Collection entries
⟨
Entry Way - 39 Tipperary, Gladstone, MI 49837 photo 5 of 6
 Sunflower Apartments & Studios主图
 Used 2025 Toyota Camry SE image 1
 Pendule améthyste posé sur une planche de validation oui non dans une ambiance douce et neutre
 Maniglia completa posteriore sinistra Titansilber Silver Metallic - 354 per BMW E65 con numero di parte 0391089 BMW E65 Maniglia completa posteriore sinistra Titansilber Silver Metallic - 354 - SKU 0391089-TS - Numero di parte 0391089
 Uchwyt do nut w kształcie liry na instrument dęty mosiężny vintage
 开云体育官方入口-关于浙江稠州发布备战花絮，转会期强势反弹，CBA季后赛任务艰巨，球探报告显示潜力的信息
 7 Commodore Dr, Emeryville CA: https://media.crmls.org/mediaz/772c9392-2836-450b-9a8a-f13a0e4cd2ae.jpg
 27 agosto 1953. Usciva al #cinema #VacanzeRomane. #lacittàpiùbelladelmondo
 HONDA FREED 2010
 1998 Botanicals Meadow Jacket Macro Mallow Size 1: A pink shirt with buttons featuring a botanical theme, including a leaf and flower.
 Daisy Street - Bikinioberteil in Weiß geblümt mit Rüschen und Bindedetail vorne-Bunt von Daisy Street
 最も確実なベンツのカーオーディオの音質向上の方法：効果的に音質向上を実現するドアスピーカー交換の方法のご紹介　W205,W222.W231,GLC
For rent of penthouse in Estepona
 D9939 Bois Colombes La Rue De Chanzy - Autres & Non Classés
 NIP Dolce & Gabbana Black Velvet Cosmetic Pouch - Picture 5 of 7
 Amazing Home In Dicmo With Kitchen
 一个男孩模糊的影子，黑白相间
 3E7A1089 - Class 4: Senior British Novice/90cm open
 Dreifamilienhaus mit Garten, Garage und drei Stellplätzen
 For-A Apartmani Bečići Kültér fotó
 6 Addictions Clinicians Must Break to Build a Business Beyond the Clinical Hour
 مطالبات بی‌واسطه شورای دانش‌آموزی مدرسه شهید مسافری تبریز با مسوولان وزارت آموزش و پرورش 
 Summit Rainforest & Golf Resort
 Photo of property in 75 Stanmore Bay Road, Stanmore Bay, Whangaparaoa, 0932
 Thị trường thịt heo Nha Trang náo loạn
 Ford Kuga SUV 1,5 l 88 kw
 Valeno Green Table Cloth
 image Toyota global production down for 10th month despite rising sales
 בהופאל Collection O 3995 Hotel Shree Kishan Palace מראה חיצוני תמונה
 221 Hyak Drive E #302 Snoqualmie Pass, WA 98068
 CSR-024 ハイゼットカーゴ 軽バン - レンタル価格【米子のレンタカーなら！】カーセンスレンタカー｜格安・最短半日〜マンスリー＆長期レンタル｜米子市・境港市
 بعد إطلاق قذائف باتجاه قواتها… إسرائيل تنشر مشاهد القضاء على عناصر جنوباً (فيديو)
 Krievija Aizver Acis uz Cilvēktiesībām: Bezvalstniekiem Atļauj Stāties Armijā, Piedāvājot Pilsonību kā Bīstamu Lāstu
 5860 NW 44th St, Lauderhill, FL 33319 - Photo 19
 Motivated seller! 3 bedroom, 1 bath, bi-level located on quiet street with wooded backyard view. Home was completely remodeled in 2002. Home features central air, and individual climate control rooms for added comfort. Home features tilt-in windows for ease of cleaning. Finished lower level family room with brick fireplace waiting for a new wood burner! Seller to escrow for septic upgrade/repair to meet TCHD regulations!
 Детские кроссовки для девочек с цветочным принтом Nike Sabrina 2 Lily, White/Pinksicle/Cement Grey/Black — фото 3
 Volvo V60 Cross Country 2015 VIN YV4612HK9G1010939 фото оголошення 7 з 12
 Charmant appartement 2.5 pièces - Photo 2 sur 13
⟩
**Your instructions**
Set down only the lines above that fall between the line holding "Used 2025 Toyota Camry SE image 1" and the line holding "- Numero di parte 0391089", inclusive, keeping each exact.

**Final answer**
 Used 2025 Toyota Camry SE image 1
 Pendule améthyste posé sur une planche de validation oui non dans une ambiance douce et neutre
 Maniglia completa posteriore sinistra Titansilber Silver Metallic - 354 per BMW E65 con numero di parte 0391089 BMW E65 Maniglia completa posteriore sinistra Titansilber Silver Metallic - 354 - SKU 0391089-TS - Numero di parte 0391089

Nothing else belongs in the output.